Created 10-04-2016 09:13 AM
Hello I've got following code
create table p_n.analysis_file_01a as select code, prov_id, tran_dt, charge, sum(charge_fixed) as total_charge from p_n.analysis_file_00 where service_dt >= '20130728' and service_dt <= '20160728' group by code
I'm getting following error
Error while compiling statement: FAILED: SemanticException [Error 10025]: Line 10:0 Expression not in GROUP BY key 'prov_id_new'
Only way to run a code is to add to Group by all variable (code, prov_id_new, tran_dt, service_dt, allowance_fixed, charge_fixed, claim_number, bill_detl_lines)
But I would like to have result something like that:
code | prov_id | tran_dt | charge | total_charge |
001 | 123 | 13/05/2015 | 100 | 150 |
001 | 145 | 14/05/2015 | 50 | 150 |
002 | 135 | 22/06/2015 | 35 | 50 |
002 | 139 | 22/07/2015 | 15 | 50 |
Hi I've got a code like this:
create table p_n.analysis_file_01a as select code, prov_id_new, tran_dt, service_dt, charge_fixed, sum(charge_fixed) as total_charge from p_n.analysis_file_00 where service_dt >= '20130728' and service_dt <= '20160728' group by code
So I would like to aggregate a total charge on a level of code.

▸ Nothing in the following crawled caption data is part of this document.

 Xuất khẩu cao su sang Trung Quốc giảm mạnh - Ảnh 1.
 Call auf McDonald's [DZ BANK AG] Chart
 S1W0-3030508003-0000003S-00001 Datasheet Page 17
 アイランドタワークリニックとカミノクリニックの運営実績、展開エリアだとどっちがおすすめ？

When I used this code it give me error:
Error while compiling statement: FAILED: SemanticException [Error 10025]: Line 10:0 Expression not in GROUP BY key 'prov_id_new'
I know to run the code it needs to add all fields so in this case (code, prov_id_new, tran_dt, service_dt, charge_fixed).

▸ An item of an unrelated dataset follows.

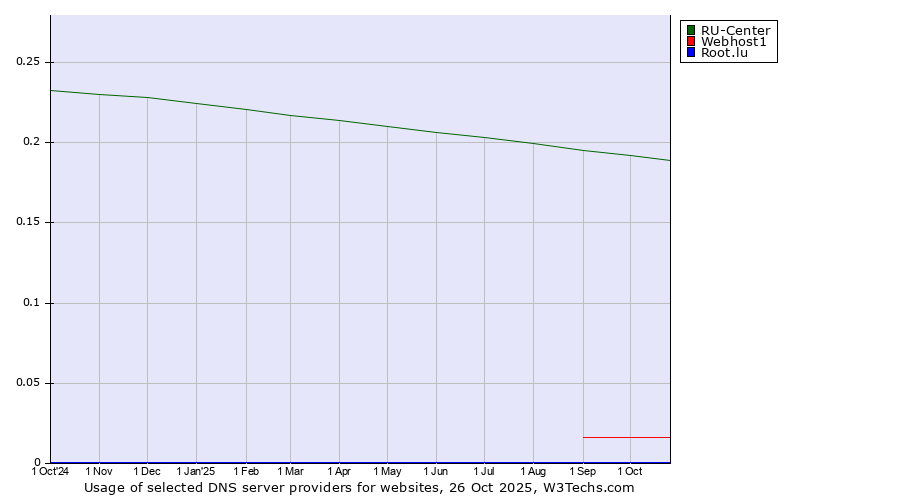 Historical trends in the usage of RU-Center vs. Webhost1 vs. Root.lu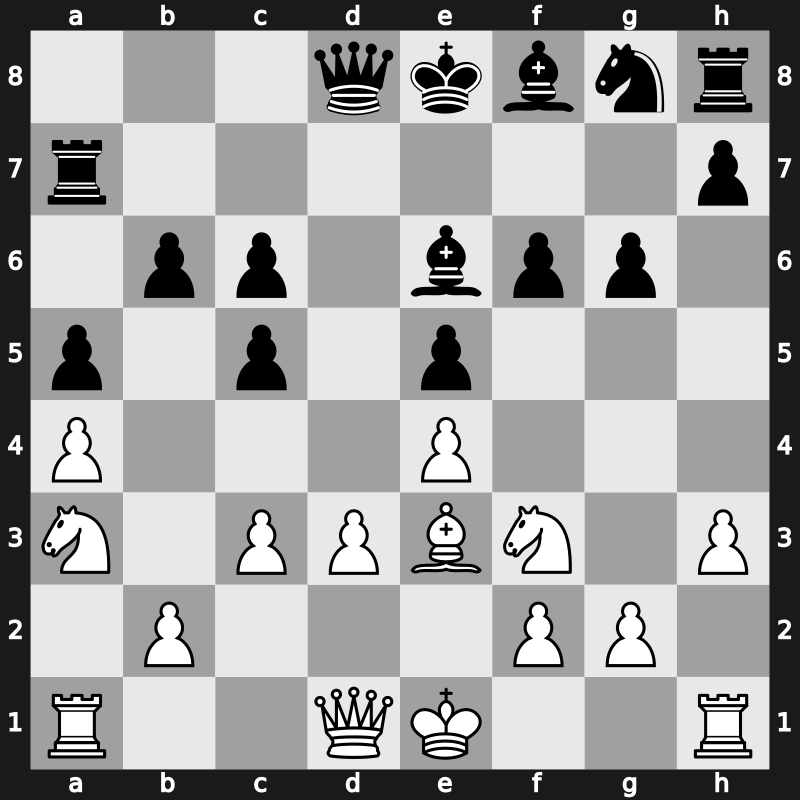 40. Olympiad Open 2012 – Round 3.19 – Carlsson, Pontus – 1-0 – Kozul, Zdenko – G179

But this doesn't give me what I want (so total Charge per code).
So I would like to obtain this:
code | prov id | trand_dt | Service_dt | Charge_fixed | total_charge |
001 | 1235 | 12/03/2015 | 12/03/2015 | 50 | 150 |
001 | 999 | 12/04/2015 | 12/05/2015 | 100 | 150 |
112 | 789 | 12/09/2015 | 12/10/2015 | 25 | 60 |
112 | 123 | 01/01/2016 | 01/02/2016 | 35 | 60 |
Thank you for any help.
Created 10-05-2016 08:17 PM
You can't get the "total_charge" per code because your select statement includes multiple columns that have different values for the the same code. To get the output you are looking for you would typically do:
create table p_n.analysis_file_01a as select code, sum(charge_fixed) as total_charge from p_n.analysis_file_00 where service_dt >= '20130728' and service_dt <= '20160728' group by code
An alternative approach would to use Pig or Spark against the Hive table to do what you are looking for.
Created 10-07-2016 03:28 AM
Hi,
You can use the windows functions in Hive using OVER (PARTITION BY code ORDER BY code DESC)
for your reference and I am not sure the performance but you can tweak that also.